The last time I heard a script read out loud was my debacle with The Actors Studio in July. I was not concerned this time; after all, it’s a closed reading, just a handful of talented actors who all happen to be friends. A few other respected listeners. A positive room.

Reading 10-12-13 1

Talented actors hard at work.

And it went well. The pace moved quickly. There were more laughs than I anticipated. The actors connected with each other. Sure, the flaws were glaring when the dialogue was heard out loud. It didn’t go far enough with some of the protagonist’s obstacles, and some moments weren’t believable, but all in all it was a success. The script works.  With a little reworking and revision, this could be something. I am satisfied.

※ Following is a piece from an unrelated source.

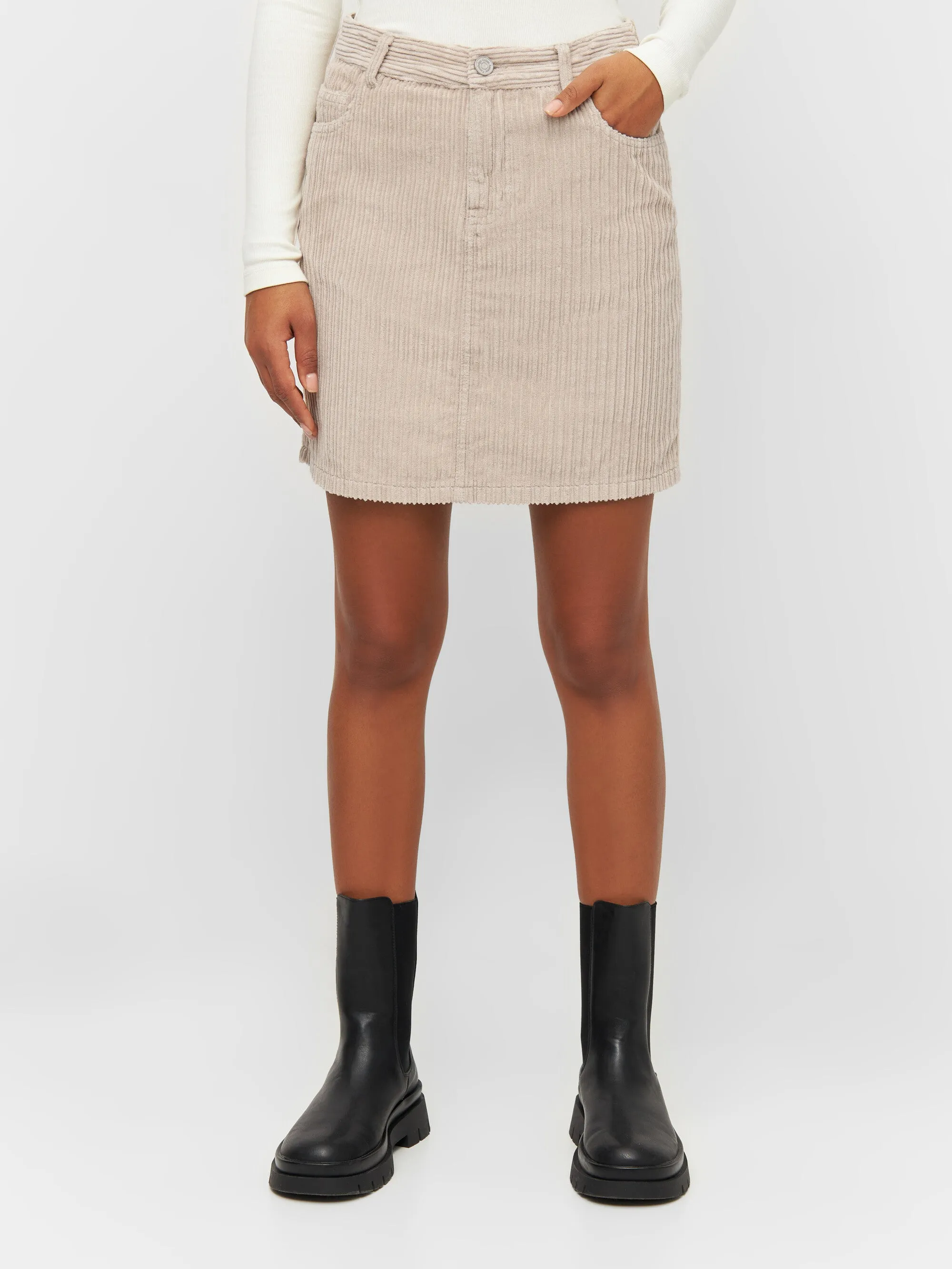 Irregular corduroy skirt - Light feather gray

After the reading I opted not to have a group discussion, which sort of threw the cast for a loop. Ordinarily following a reading everyone would sit around and discuss, but since we started a bit late and since the reading was turning into a birthday party for my wife with other guests about to arrive, I decided to abandon the usual critique session and talk to people individually or in smaller groups, throughout the evening. This worked out surprisingly well as people could speak freely without considering the opinions of others. Plus, this allowed me to hear similar opinions without worrying about bandwagon opinions, which are those from people who might agree with something that they wouldn’t have considered on their own. There was some general consensus, though:

* The script is too procedural. Much is revealed in conversation, which isn’t active. And similarly:

* Be more visual and less married to text. A common problem for us playwrights who switch to film. Not insurmountable, my scripts are getting more visual the more I write, but something to always consider. Talk in images when possible. One great note I received from a writer friend who watched the reading is to consider approach each scene as a dance.

Now I will take a few days away from the script to stew it over, but I am encouraged and excited to take this to the next step.

Progress…and a deadline

So I jumped off the diving board.

Not pictured: me Pictured: someone on fire

Not pictured: me
Pictured: someone else on fire

Too dramatic? I’ll tone it down in the next edit. The point is that I leapt. It’s time to move things forward with my script, and there is no turning back.

First: picked my actors. A tougher job than I thought, considering I wrote the script with specific actors who I personally know  in mind. The hard part was deciding who gets in at this early stage. There are easily a dozen actors I have in mind for roles that I did not consider for this reading because I don’t benefit for a large room at this time. For now, just a core group of people with the more substantial parts.

Second: picked three possible dates for a reading. A generous friend donated his apartment; cleared the dates with him.

Third: composed the email: “Can you do the reading? Are you interested? Do any of these dates work for you? Do you know who I am?” Send.

Fourth: held my breath. Didn’t take long. Half of the actors wrote back within an hour, giving their preferred dates. Hopefully the rest will get back in touch over the weekend. All tentative dates are less than two weeks away.

Fifth: Now that there is a deadline, it’s time to start the script revision. Go!